We are silenced every time that non-autistic people treat us as though we’re broken.
We are silenced by every act of disrespect, dismissal, and ignorance we encounter.
But we do not have to remain silent. Corina Becker at No Stereotypes Here has a counterproposal: Make November 1st Autistics Speaking Day. She writes:
[O]n November 1st, Autistic people should speak up and be heard … [I]n the absence of NT voices, Autistics should reclaim the Autism community by communicating in our own ways on our life experiences … I would like the day to acknowledge our difficulties, yes, but also share our strengths, our passions, our interests, our “obsessions” … And so, for the intent of raising Autism awareness and battling negative stereotypes about Autism, I call that November 1st be Autistics Speaking Day.
Her proposal mirrors my initial response to hearing about the Communication Shutdown. Flood the social networking sites with our voices. Provide lots and lots of links to blogs by autistic people.
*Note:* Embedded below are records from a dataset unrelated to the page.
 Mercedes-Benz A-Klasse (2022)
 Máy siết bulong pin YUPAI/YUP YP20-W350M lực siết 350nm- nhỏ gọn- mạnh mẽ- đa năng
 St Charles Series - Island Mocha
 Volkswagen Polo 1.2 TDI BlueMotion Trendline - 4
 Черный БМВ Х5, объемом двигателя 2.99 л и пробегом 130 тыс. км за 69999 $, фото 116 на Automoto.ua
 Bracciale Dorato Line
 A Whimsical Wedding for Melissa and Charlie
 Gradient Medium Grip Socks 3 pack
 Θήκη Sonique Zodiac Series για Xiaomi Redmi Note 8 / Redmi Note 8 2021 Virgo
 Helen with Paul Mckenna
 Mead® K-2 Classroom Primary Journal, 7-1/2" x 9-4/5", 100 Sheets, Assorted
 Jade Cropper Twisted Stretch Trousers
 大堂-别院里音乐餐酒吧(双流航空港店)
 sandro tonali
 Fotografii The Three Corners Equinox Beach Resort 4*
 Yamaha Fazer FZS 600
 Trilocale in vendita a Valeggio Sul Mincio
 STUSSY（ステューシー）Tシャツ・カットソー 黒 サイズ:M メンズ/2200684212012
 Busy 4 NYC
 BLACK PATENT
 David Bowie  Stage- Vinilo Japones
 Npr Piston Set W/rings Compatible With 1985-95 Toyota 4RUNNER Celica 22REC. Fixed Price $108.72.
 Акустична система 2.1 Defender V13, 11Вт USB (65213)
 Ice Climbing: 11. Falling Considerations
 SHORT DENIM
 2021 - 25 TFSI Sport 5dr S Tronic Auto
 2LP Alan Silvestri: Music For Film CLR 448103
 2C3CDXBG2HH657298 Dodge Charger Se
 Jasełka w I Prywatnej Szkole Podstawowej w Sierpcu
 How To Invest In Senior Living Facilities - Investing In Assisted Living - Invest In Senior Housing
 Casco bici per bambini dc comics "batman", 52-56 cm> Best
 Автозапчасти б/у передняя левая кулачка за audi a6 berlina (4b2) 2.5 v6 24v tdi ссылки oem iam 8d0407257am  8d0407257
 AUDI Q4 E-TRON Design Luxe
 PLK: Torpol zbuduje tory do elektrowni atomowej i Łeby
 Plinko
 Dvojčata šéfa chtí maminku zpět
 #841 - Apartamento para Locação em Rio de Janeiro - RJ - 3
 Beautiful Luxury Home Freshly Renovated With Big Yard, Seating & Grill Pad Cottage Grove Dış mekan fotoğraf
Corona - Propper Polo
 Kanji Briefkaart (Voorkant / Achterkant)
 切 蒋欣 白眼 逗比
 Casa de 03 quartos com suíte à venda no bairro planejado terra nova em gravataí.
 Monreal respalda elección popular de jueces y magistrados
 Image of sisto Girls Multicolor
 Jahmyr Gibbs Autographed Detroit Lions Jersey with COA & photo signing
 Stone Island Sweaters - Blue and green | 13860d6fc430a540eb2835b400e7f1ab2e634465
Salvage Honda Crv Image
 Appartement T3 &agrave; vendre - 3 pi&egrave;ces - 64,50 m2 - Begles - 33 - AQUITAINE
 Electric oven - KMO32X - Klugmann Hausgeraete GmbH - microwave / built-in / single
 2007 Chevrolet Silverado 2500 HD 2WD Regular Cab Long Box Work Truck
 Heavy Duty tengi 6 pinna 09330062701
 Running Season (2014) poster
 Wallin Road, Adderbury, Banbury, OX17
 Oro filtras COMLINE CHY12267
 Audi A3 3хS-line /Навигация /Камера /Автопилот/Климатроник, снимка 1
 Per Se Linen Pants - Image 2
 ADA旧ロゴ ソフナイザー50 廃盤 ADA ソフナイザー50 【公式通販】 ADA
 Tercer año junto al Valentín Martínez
If you’re like me, and don’t use Facebook or Twitter, ask that someone you know publish a link to your best blog pieces.
Raise up your voices. Let us be heard.
And for all of you who want to raise “autism awareness,” I have a simple solution: Listen to us.
Rachel Cohen-Rottenberg blogs at Journeys with Autism. Speak Up on November 1st! appears here
under the terms of this Creative Commons License.
Rachel Cohen-Rottenberg’s recently published memoir is The Uncharted Path: My Journey with Late-Diagnosed Autism.
Rachel Cohen-Rottenberg on 10/29/10 in featured, Language | 2 Comments | Read More
Comments (2)
I am neither going to “speak up” or not speak up to dignify this obscure campaign to be silent is to give it a prominence and a dignity it does not deserve, those who have replied to it with an antithesis have played into the hands of the ignorant. Oh well, what can I “say”
I speak up every day of the year 24/7 because my web site and my blog are out there. I don’t have to mess about with special days I am there and so ought you (that is to say the readers of this blog) to be, all the time.
Autism is not just for Christmas it is for life.
Me, I’d be perfectly happy to see the status quo maintained tomorrow — Christmas every day, if I follow your point.
I do think Rachel made use of the occasion to say some things which need saying, regardless, which is mainly why her post is here.
While I do have one more than the usual posts planned for tomorrow, this is because I’ve been holding Lili Marlene’s for November 1st since before I even caught wind of this other nonsense. How ironic that the AEIOU Foundation for Children with Autism chose El Día de los Muertos (The Day of the Dead) for their exercise in silence.